Work order: The expected output is the full set of entries, retyped verbatim, pictures excluded.

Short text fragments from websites
◇ ◇ ◇ ◇ ◇

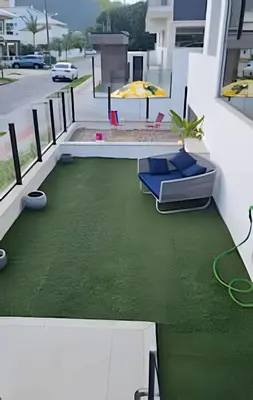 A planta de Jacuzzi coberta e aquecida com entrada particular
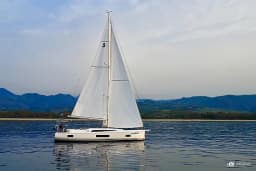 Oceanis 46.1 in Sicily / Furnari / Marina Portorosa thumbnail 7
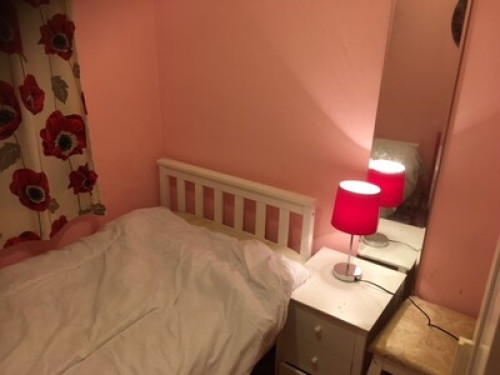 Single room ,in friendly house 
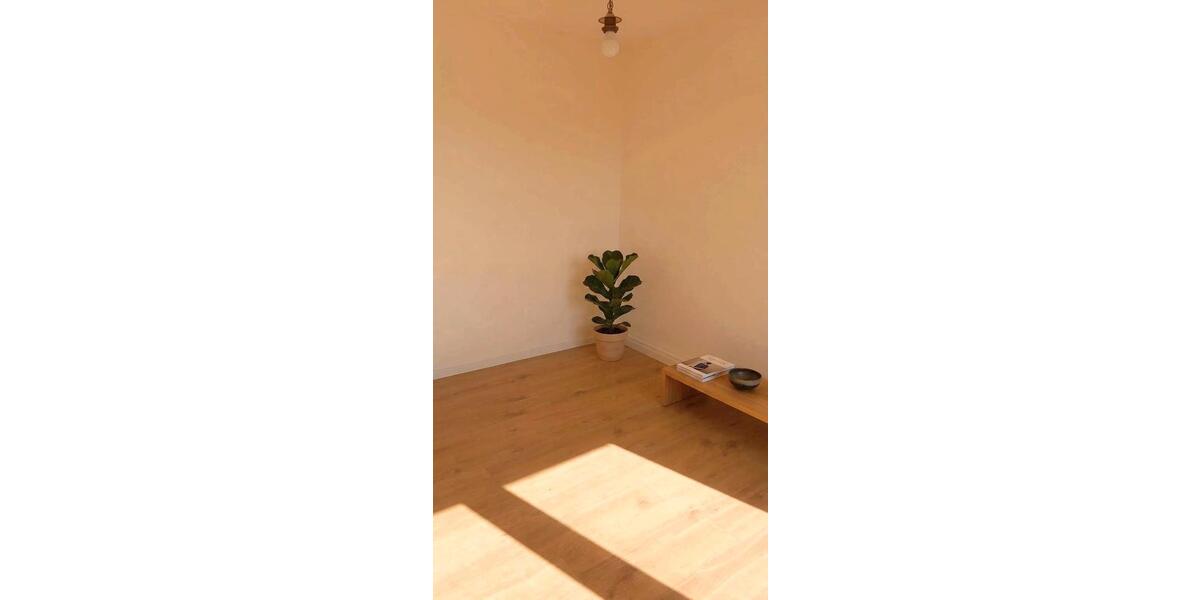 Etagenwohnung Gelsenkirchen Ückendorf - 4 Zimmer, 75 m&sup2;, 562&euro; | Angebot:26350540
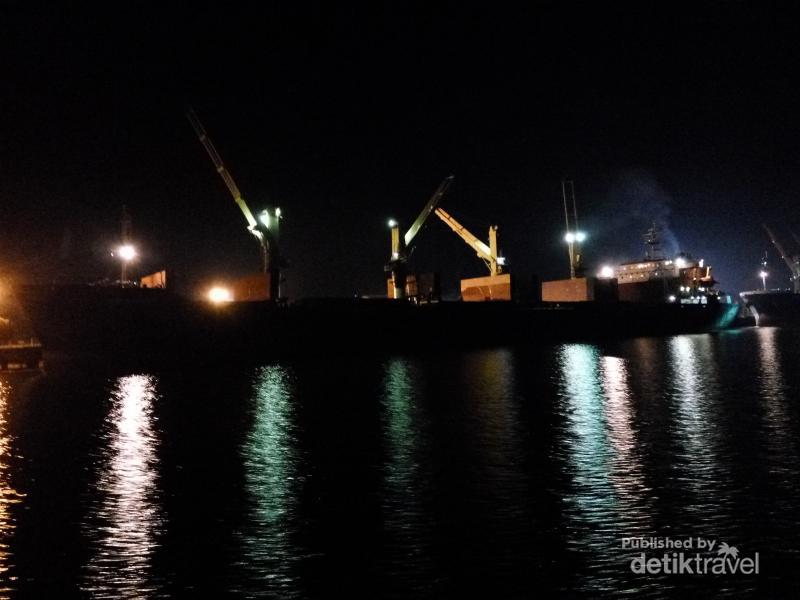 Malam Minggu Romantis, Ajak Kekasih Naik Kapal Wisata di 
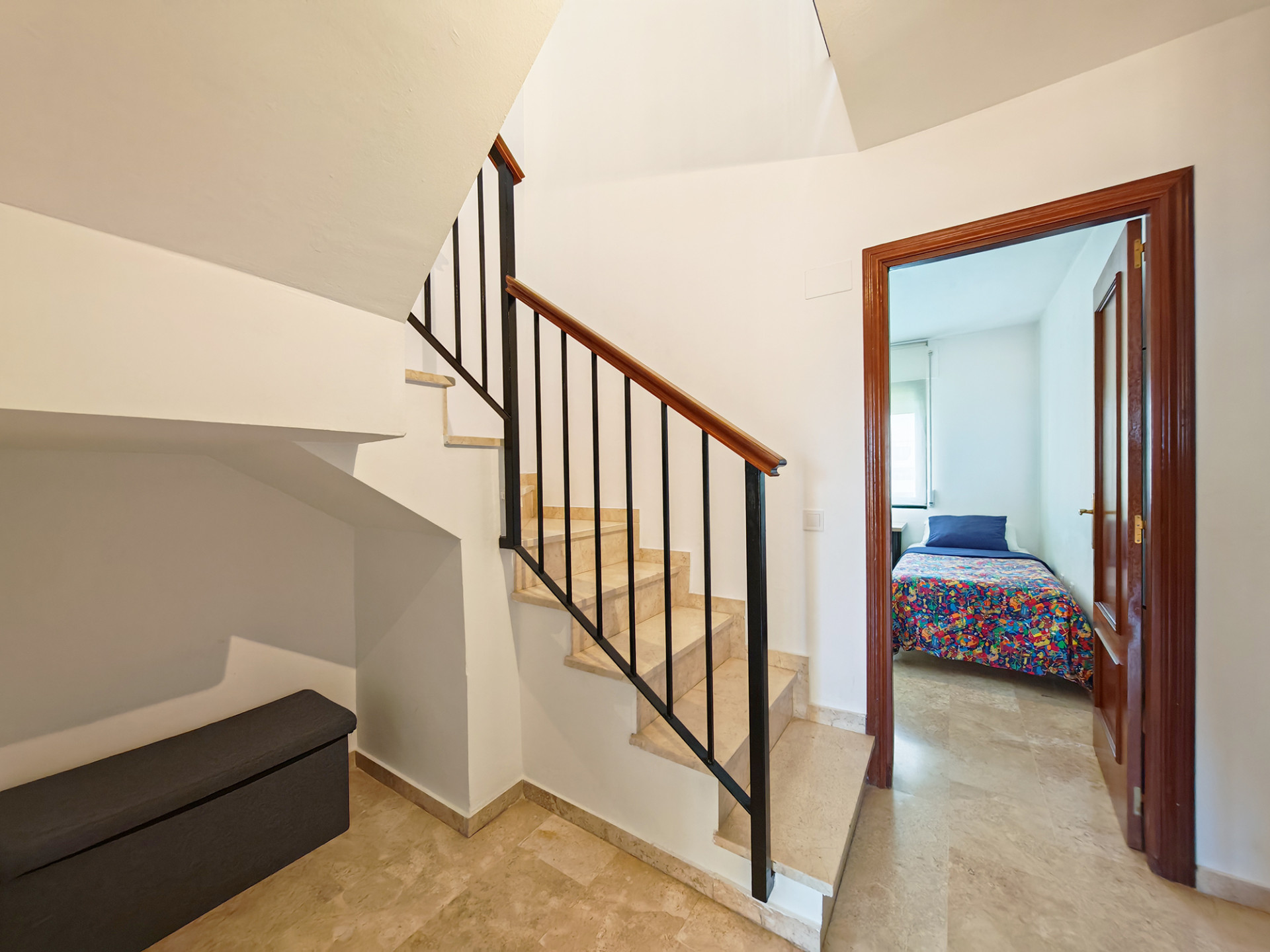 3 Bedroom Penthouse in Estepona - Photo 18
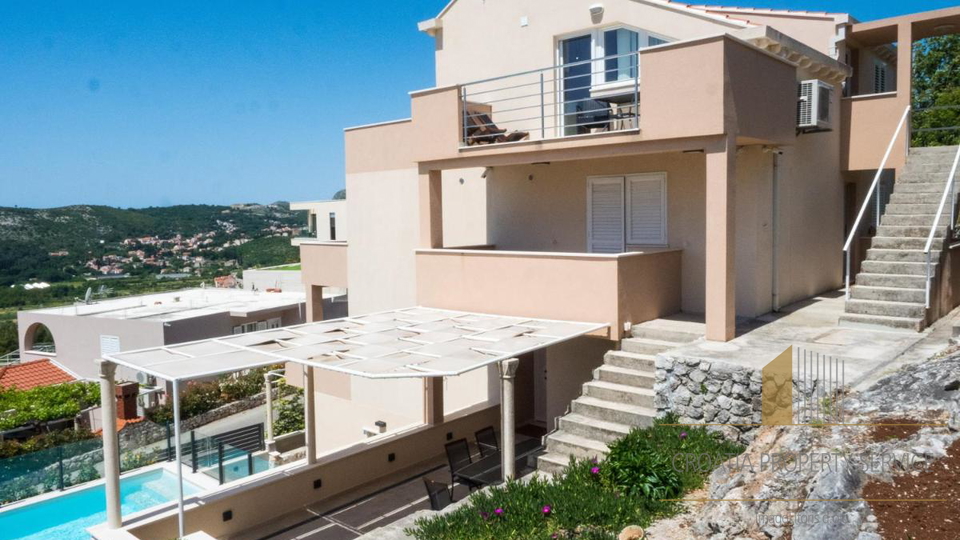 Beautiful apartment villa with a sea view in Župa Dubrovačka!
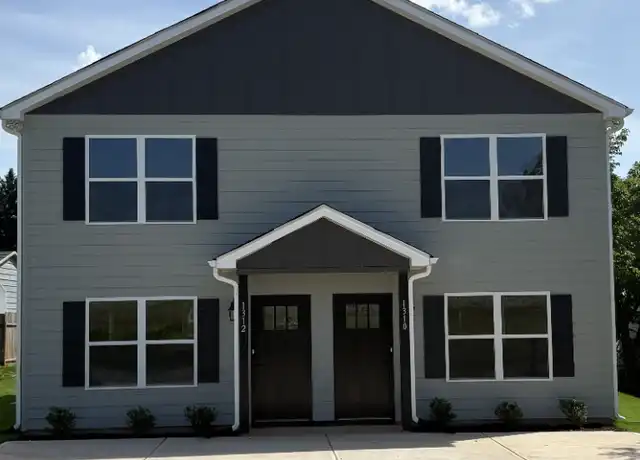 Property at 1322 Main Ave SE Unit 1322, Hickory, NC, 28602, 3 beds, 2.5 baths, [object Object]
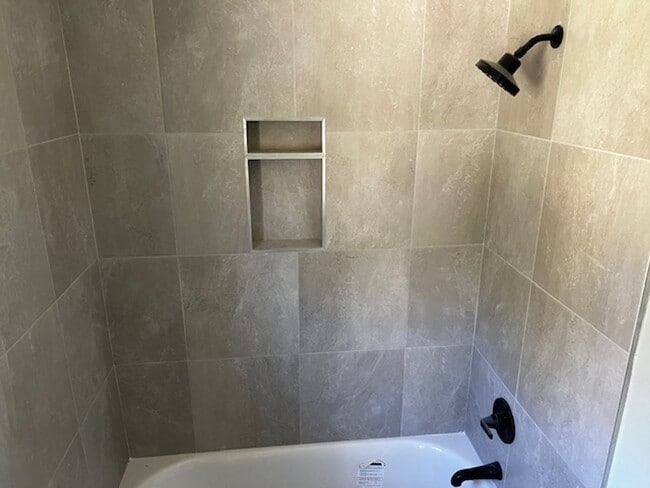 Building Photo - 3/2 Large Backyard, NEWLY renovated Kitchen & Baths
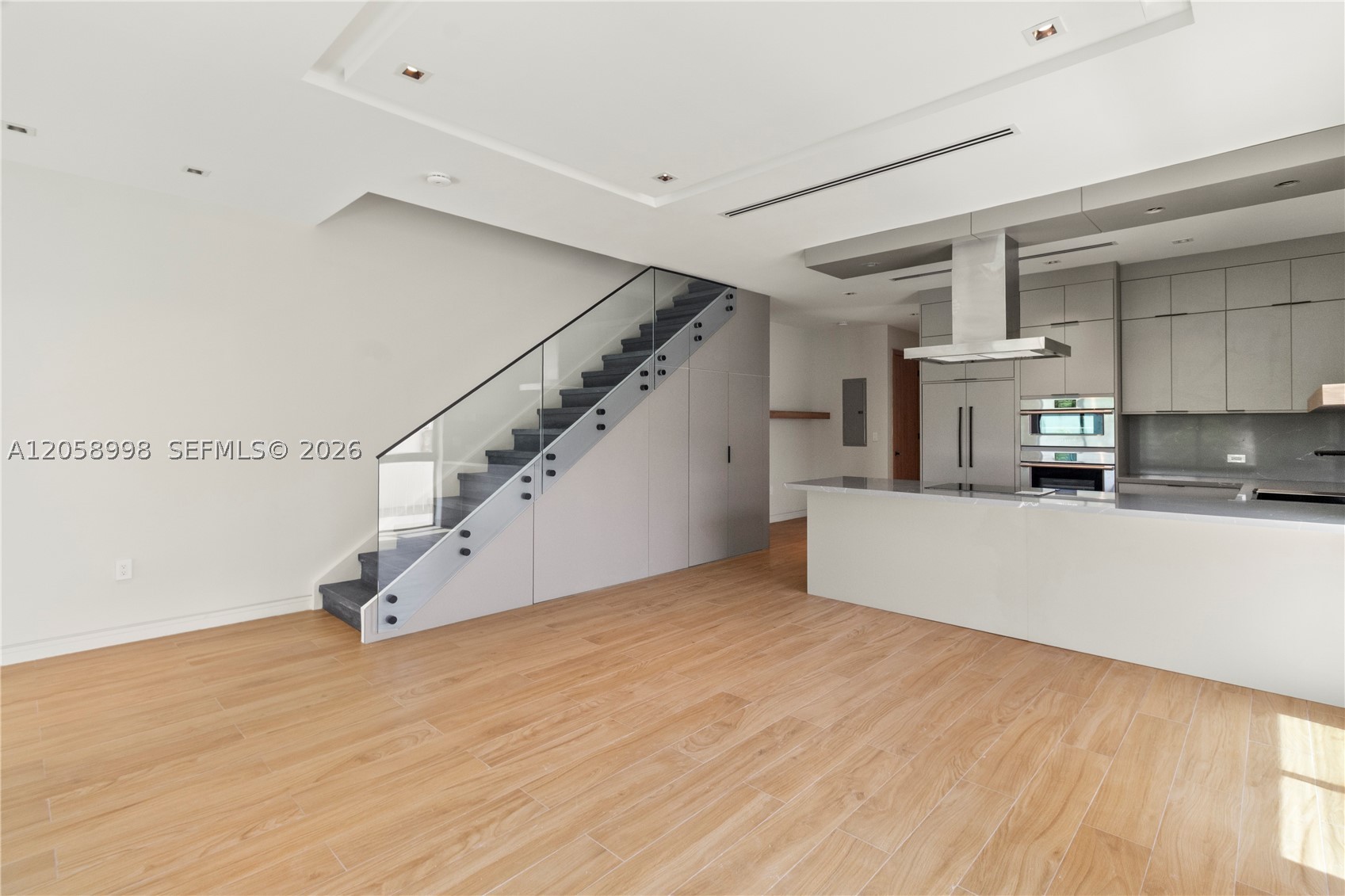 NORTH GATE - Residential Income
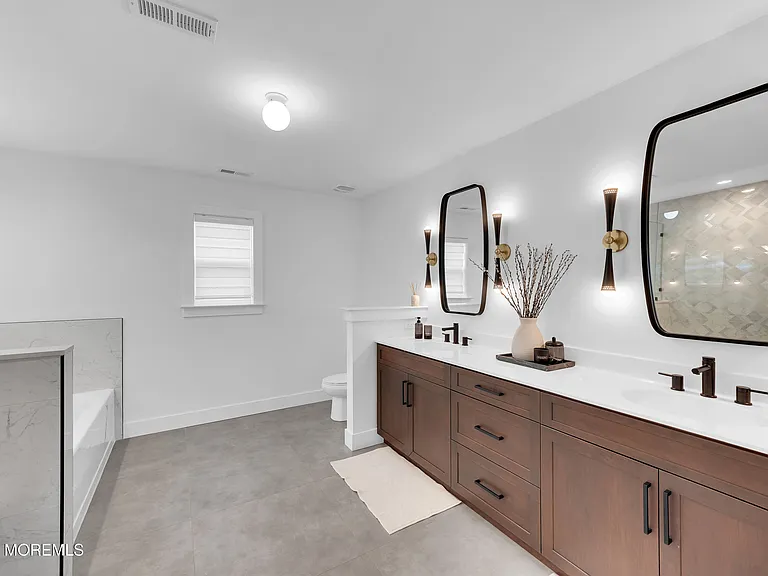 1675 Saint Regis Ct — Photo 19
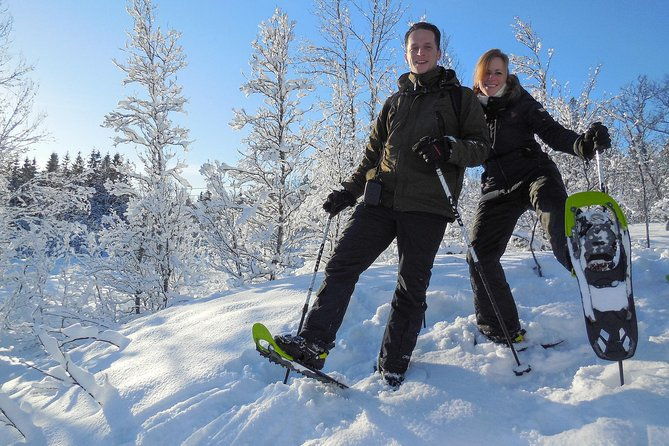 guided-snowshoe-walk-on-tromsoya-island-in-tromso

◇ ◇ ◇ ◇ ◇

Output of the task:
 A planta de Jacuzzi coberta e aquecida com entrada particular
 Oceanis 46.1 in Sicily / Furnari / Marina Portorosa thumbnail 7
 Single room ,in friendly house 
 Etagenwohnung Gelsenkirchen Ückendorf - 4 Zimmer, 75 m&sup2;, 562&euro; | Angebot:26350540
 Malam Minggu Romantis, Ajak Kekasih Naik Kapal Wisata di 
 3 Bedroom Penthouse in Estepona - Photo 18
 Beautiful apartment villa with a sea view in Župa Dubrovačka!
 Property at 1322 Main Ave SE Unit 1322, Hickory, NC, 28602, 3 beds, 2.5 baths, [object Object]
 Building Photo - 3/2 Large Backyard, NEWLY renovated Kitchen & Baths
 NORTH GATE - Residential Income
 1675 Saint Regis Ct — Photo 19
 guided-snowshoe-walk-on-tromsoya-island-in-tromso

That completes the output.